Susan Friedmann:         I think it did. One of the words you also use was exposure, that getting the exposure. What have you done in that area?

Rob Kopman:                One of the questions I ask myself all the time is how I want to sell my books? Who am I selling to? Occasionally churches buy it, but mostly it's Jewish people. Where are the Jews? It's a simple question. Where do I find Jewish people? Well, besides banks and the Chinese restaurant, I've advertised and it's difficult because if you're advertising a major publication, you're advertising to a million people and maybe only 50,000 of them happened to be potential buyers for me. So it makes it difficult. But in the first few years we established a wholesale business for the book as well. So we sold to synagogue, gift shops and museum gift shops and some small bookstores. We got the word out. I say we, because I have a partner, my business partner, Bill. He did all the illustrations. If you see it, he did it.

                                    If you read it, I wrote it. We had ads in these little Jewish newspapers and various parts of the country. And then one year I found a deal with the Sunday New York Times Magazine. That's the big time, right? It was a one-third page Coloured ad, is about a $50,000 ad. And I managed to get it for $6,500. I booked the ad. We had that for two years in a row and it brought us a lot of business. Then it just dried up. Far as exposure goes that was great exposure. They distribute to a million and a half people, back then people actually had the paper in hand. Now they do it online. It's a little more difficult now, but it's still possible. So you just have to get the word out there any way you can, whether it's an ad or a podcast or a blog or word of mouth, the game hasn't really changed. It's just the details that are different now.

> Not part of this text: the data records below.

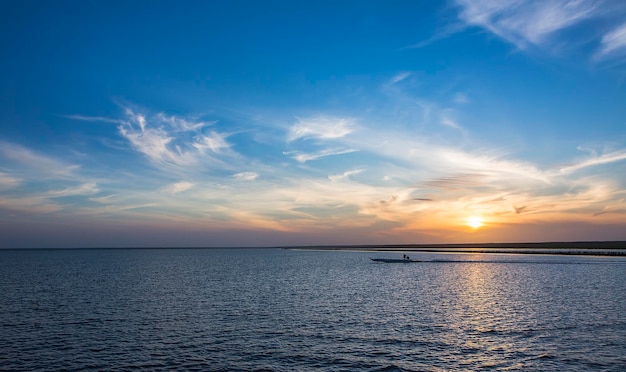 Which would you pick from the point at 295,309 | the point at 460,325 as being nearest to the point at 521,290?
the point at 460,325

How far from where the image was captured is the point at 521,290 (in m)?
78.5

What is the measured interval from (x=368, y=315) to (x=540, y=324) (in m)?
18.8

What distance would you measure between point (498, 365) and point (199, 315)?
35.4 metres

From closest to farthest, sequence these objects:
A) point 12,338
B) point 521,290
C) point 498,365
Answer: point 498,365, point 12,338, point 521,290

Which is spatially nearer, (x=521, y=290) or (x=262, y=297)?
(x=262, y=297)

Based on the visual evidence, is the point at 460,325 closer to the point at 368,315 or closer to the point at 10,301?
the point at 368,315

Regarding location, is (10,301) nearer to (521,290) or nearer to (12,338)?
(12,338)

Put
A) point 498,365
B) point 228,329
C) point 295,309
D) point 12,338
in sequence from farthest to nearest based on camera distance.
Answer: point 295,309, point 228,329, point 12,338, point 498,365

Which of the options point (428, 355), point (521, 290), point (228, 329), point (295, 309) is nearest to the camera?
point (428, 355)

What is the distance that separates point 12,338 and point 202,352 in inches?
792

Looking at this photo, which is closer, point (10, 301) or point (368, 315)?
point (368, 315)

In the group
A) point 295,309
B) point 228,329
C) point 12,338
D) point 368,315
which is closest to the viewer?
point 12,338

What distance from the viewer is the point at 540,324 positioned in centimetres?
4706

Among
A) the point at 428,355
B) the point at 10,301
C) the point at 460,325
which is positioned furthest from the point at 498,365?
the point at 10,301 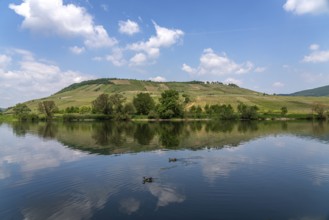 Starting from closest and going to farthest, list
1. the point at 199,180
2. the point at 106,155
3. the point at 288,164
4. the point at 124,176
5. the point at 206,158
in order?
the point at 199,180
the point at 124,176
the point at 288,164
the point at 206,158
the point at 106,155

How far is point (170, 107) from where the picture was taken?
5138 inches

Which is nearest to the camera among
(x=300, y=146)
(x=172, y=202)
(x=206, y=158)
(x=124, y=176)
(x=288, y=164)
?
→ (x=172, y=202)

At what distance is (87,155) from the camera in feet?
141

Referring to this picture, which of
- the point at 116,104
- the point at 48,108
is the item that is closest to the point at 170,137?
the point at 116,104

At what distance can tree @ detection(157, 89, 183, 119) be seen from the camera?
130 m

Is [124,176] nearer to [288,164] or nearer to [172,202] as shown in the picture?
[172,202]

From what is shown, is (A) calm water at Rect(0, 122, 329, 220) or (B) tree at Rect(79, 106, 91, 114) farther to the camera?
(B) tree at Rect(79, 106, 91, 114)

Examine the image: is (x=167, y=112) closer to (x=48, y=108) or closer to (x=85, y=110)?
(x=85, y=110)

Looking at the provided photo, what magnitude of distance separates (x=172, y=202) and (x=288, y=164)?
19.3 m

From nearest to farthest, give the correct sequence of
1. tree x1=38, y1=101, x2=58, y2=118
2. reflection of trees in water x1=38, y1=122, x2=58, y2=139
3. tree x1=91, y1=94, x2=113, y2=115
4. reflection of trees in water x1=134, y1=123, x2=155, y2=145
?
reflection of trees in water x1=134, y1=123, x2=155, y2=145 → reflection of trees in water x1=38, y1=122, x2=58, y2=139 → tree x1=91, y1=94, x2=113, y2=115 → tree x1=38, y1=101, x2=58, y2=118

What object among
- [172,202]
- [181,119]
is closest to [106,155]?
[172,202]

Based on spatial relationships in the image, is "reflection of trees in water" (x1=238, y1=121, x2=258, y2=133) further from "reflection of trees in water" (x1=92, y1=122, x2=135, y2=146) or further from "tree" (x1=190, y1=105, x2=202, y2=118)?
"tree" (x1=190, y1=105, x2=202, y2=118)

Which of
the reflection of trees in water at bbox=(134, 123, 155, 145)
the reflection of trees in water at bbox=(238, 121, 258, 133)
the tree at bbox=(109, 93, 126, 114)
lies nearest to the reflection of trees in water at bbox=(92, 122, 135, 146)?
the reflection of trees in water at bbox=(134, 123, 155, 145)

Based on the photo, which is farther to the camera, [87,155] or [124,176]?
[87,155] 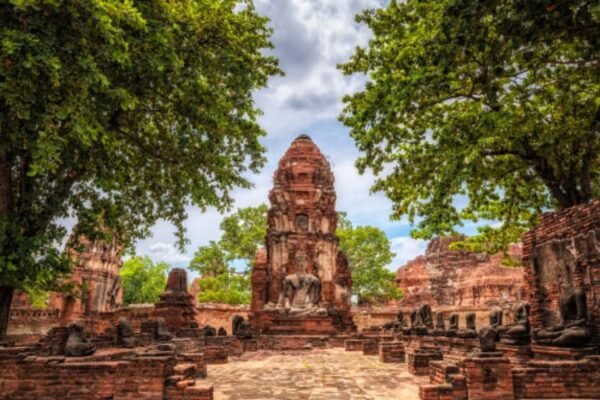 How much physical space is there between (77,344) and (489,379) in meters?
7.14

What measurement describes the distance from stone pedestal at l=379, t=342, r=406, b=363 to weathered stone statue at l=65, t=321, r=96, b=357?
7.18 metres

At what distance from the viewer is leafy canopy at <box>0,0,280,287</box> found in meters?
7.12

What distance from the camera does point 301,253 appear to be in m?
24.7

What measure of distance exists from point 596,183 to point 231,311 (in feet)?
73.0

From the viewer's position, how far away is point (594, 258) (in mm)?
8828

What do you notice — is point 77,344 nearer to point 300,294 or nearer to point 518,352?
point 518,352

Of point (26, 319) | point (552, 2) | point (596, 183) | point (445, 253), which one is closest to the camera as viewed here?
point (552, 2)

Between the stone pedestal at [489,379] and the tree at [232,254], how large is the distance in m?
31.3

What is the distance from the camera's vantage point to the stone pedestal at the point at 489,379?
6.58 meters

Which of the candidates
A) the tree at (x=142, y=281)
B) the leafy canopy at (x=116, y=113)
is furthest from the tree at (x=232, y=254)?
the leafy canopy at (x=116, y=113)

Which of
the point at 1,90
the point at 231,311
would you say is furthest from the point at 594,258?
the point at 231,311

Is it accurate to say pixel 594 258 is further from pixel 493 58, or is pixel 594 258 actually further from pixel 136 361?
pixel 136 361

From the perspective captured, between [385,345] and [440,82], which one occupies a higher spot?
[440,82]

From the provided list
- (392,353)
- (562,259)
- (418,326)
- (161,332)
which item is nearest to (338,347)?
(418,326) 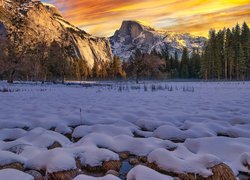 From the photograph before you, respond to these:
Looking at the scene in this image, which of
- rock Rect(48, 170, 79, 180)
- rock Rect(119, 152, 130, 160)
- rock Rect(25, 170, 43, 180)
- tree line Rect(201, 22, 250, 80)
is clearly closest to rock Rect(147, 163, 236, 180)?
rock Rect(119, 152, 130, 160)

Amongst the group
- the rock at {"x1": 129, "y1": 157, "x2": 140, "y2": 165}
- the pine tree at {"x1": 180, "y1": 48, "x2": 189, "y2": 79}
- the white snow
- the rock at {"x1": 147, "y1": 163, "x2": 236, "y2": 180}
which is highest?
the pine tree at {"x1": 180, "y1": 48, "x2": 189, "y2": 79}

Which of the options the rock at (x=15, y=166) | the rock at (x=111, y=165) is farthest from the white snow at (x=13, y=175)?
the rock at (x=111, y=165)

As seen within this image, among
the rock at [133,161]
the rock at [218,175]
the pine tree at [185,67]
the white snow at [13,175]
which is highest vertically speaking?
the pine tree at [185,67]

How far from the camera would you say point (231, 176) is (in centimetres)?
315

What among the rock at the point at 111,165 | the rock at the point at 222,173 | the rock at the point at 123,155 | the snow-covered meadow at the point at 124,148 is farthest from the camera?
the rock at the point at 123,155

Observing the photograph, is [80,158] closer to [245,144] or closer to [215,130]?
[245,144]

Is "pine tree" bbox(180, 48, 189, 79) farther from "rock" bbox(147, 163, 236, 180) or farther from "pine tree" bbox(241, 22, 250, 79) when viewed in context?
"rock" bbox(147, 163, 236, 180)

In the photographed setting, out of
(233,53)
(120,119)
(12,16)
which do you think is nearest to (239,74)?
(233,53)

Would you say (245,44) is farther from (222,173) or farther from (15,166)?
(15,166)

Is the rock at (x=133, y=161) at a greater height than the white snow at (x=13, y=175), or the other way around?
the white snow at (x=13, y=175)

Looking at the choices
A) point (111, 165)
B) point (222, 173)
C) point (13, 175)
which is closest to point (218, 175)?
point (222, 173)

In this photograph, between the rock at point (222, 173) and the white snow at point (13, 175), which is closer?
the white snow at point (13, 175)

Susan Friedmann:         And something you said earlier going where your niche market buys, where they are and you rightly said, you went after synagogues, their publications. And I have many authors who are in the Christian market, there are hundreds if not thousands of churches around the country, around the world who have gift shops and little newspapers, little rags that they... I don't like to say that maybe that's incorrect, but news sheets that's a term, that they send out to their members. This is where you need to go with your different publications. If they're in a niche market, which both you and I agree is the way to go, sort of throwing less spaghetti against the wall and hoping it will stick.

Rob Kopman:                There is something else that we did. It was interesting. We put together some press releases and some press kits, we had things on our website. We also decided to send out basically a press release to all these newspapers, to the correct editorial department. And then, because my book is small, it's full colored, but it's only 32 pages. That's really a booklet. And we found out that it was actually cheaper to send them a copy of the book than to print a full color flyer and send that, which is really amazing. Because, back then it was like half a buck to print the full color sheet of paper. And my book only costs me 40 cents. We wound up just sending copies out to everybody we could think of. And that made a huge impact because we started seeing newspaper articles. And the other thing we discovered was that many journalists, unless they're really big investigative journalists, but the run-of-the-mill journalist is lazy.

                                    Not only lazy, but they're always under the gun for deadlines. And it's hard for them to get out enough information quickly enough. We found that if we wrote the article for them and sent it, they would print it almost verbatim back. Sometimes it was verbatim. We made the job easy for them. We gave them all the information that we wanted them to say, and they put it out there. And that always, always resulted in sales, in wherever neighborhood got that newspaper. So if I was going to write a book today and publish it, I would do the same thing. I would let everybody I could think of know about it. I don't know that I could send a hard copy of the book to everybody. That'd be a lot more than 40 cents, but I would certainly send it to people who were in today's vernacular influencers back in my day, it was newspaper reporters, but it's basically the same thing

Susan Friedmann:         Those newspaper reporters still exist. And neighborhoods still have papers. I live in a small town and our weekly paper, like you rightly said, if you send them an article and it's already written and it's, well-written, don't print it verbatim. It always blows me away, but you're right. They're looking for information. They're hungry. Many times you can sell to your local market. And we tend to ignore that often. We think, Oh, we've got to be in the wall street journal and the New York Times, and they couldn't care less about you, but your local paper and these small neighborhood papers, they do care and they will print things. Definitely. I think that's a great tip for all listeners. Thank you.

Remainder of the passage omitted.